Authors: Dhiren Paleja and John McMahon
Date: May 2021

Run, Grow and Transform (RGT) is a classic model used by organisations for managing their IT. The approach is aligned to the traditional operating models of managing IT spend within the organisation. Run has remained consistent and is still relevant as organisations will always need a portion of their budget to keep the business running or keep the lights on.

However, Grow and Transform are becoming inseparable. It is becoming difficult to differentiate between the IT initiatives which contribute towards Grow vs Transform, as most of the IT initiatives related to growth require transformation due to the rapid adoption of subscription and consumption-based services, which provide flexibility and scalability to the organisation.


The Run-Grow-Transform (RGT) Model

Businesses attempting to move up the digital value chain may have to rethink the suitability of the RGT model, more specifically IT management and cost allocation. Organisations need to systematically move budget from Run to be able to reduce complexity and allow for advancements.

Fig 1. The evolution of RGT has seen the creation of a new fit-for-purpose model

Operate, Expand & Innovate (OEI)

In the RGT model, IT tends to operate largely in isolation as the focus is ‘to keep the lights on’ however, as enterprises acquire digital capabilities to pursue larger goals of becoming customer centric and achieving revenue enhancement, no longer will they be able to clearly distinguish the changes as Run or Grow or Transform as their attempts could overlap across these three areas.
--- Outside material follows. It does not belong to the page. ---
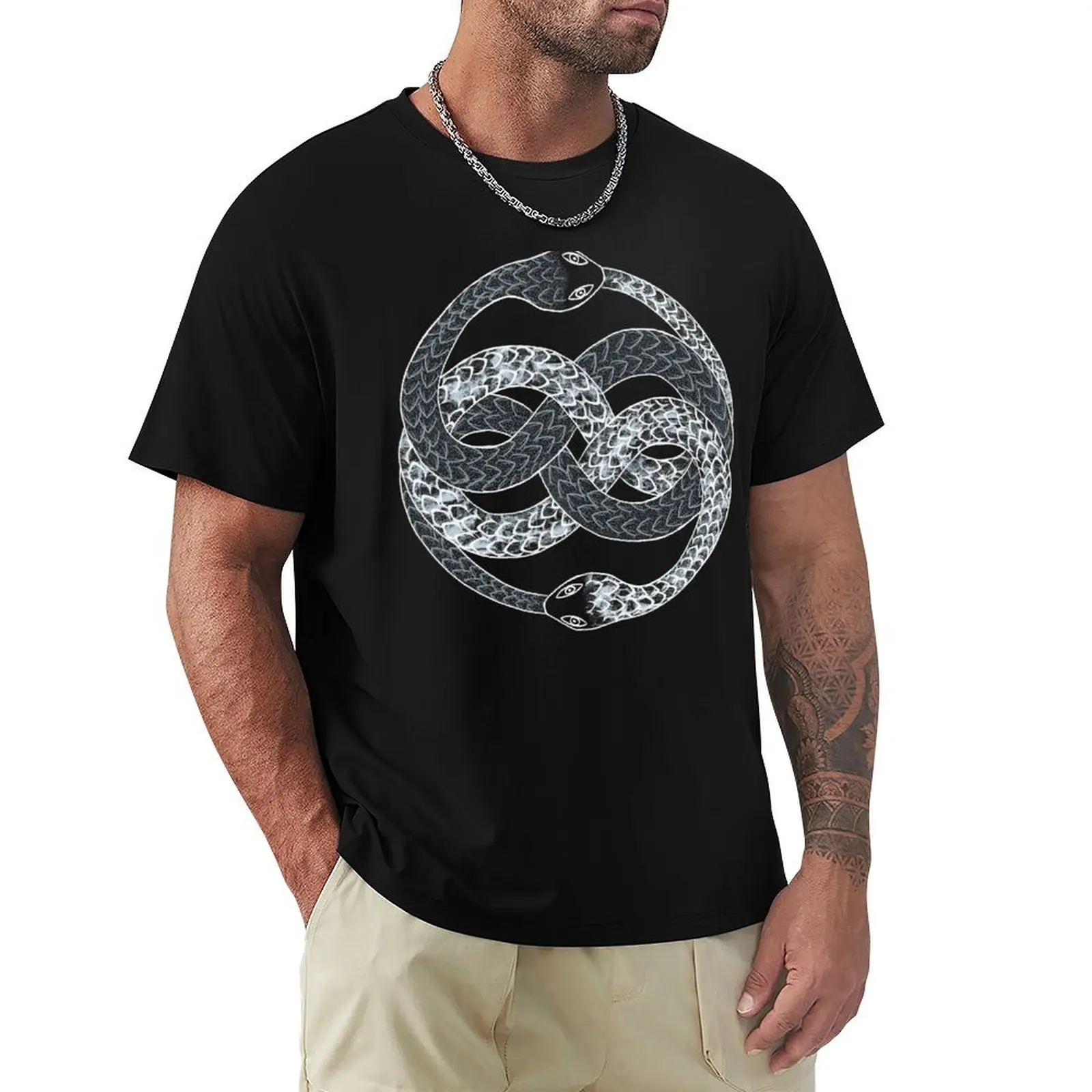 AURYN uroboros. Snake biting it's own tail. Neverending story. T-Shirt Basic Solid Tee for Daily Use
This has implications for business functions and IT and more specifically the mandate of CIOs. They need to dive deep into such pursuits and bring appropriate changes across working methods, team structure and budgeting. Changing cost allocations is particularly challenging and requires a complete evolution of IT management.

The operating model of the OEI approach would encourage innovation and collaboration as it necessarily brings the business and IT together as decisions should be made jointly on how technology solves specific business problems and the value it generates for the business.



It is no longer common for IT to control the full operational cost of providing IT services. Instead, departments within the organisation are responsible for a portion of the budget for systems and tools they use, which does not provide clarity across the total IT spend for an organisation.

The increase in subscription and consumption-based services has led to a rapid increase of the overall IT operating cost (Shadow IT). To manage and optimise operating cost of IT it is important for an organisation to understand the overall IT cost incurred by the organisation, the services it provides and the value it is delivering to the business.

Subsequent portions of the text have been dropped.